__GIVEN RECORDS__
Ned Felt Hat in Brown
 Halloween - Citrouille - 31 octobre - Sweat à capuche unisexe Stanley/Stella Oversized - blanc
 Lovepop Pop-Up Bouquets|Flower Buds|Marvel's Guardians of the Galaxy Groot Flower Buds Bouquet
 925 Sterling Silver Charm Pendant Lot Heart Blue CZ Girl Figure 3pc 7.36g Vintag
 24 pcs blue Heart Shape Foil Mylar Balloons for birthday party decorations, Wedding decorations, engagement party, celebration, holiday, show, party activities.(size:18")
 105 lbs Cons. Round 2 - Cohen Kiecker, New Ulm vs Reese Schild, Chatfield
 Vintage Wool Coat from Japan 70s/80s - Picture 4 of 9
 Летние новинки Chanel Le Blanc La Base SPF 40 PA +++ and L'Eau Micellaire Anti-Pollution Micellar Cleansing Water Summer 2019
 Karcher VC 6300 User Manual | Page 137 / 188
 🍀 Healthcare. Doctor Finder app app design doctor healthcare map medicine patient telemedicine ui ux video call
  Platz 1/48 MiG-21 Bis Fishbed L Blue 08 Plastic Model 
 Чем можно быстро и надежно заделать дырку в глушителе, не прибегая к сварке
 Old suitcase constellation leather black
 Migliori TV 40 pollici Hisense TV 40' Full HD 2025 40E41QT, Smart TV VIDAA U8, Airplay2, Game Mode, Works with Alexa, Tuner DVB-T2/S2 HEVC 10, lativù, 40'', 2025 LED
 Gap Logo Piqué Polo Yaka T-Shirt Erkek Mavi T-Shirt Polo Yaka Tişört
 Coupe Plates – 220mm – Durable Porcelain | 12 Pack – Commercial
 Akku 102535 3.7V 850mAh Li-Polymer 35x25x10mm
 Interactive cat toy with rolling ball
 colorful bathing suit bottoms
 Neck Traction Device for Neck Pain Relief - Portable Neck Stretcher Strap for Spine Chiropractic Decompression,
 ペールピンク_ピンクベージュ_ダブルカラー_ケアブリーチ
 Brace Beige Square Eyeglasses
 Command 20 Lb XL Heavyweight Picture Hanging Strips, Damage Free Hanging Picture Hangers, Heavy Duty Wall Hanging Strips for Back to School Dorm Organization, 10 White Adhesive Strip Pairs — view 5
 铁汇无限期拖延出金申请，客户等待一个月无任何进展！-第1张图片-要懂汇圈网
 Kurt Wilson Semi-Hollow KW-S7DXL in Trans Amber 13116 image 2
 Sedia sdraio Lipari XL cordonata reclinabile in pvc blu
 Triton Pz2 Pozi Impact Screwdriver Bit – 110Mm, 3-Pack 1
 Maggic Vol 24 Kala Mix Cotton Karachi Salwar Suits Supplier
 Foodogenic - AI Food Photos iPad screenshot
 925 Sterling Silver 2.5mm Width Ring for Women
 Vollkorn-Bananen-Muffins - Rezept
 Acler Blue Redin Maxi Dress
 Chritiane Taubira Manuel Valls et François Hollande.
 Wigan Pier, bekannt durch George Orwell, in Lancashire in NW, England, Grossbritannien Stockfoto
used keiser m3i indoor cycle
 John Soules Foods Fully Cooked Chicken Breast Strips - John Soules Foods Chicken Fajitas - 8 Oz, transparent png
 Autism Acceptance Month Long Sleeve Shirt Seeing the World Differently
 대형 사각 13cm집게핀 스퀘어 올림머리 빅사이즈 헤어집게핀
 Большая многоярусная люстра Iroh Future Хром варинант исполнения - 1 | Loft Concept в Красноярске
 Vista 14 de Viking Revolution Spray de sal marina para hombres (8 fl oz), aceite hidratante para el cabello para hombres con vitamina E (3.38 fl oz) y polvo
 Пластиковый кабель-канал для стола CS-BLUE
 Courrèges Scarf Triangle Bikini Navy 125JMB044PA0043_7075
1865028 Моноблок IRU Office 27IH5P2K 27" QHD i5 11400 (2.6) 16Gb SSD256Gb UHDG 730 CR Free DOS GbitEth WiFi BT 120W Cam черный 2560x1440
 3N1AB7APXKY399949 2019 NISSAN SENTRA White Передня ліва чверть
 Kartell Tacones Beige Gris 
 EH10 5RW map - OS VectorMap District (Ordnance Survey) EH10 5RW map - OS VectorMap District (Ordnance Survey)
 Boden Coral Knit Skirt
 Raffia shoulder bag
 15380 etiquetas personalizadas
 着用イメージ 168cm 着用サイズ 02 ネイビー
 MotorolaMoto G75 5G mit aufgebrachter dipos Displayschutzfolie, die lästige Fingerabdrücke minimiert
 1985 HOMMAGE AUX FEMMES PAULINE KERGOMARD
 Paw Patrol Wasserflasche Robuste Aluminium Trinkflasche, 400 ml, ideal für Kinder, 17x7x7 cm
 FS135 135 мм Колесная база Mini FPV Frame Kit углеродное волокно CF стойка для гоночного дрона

__THE TASK__
Return the number of lines in the material holding the string "Heart", and no other text.

__RESULT__
2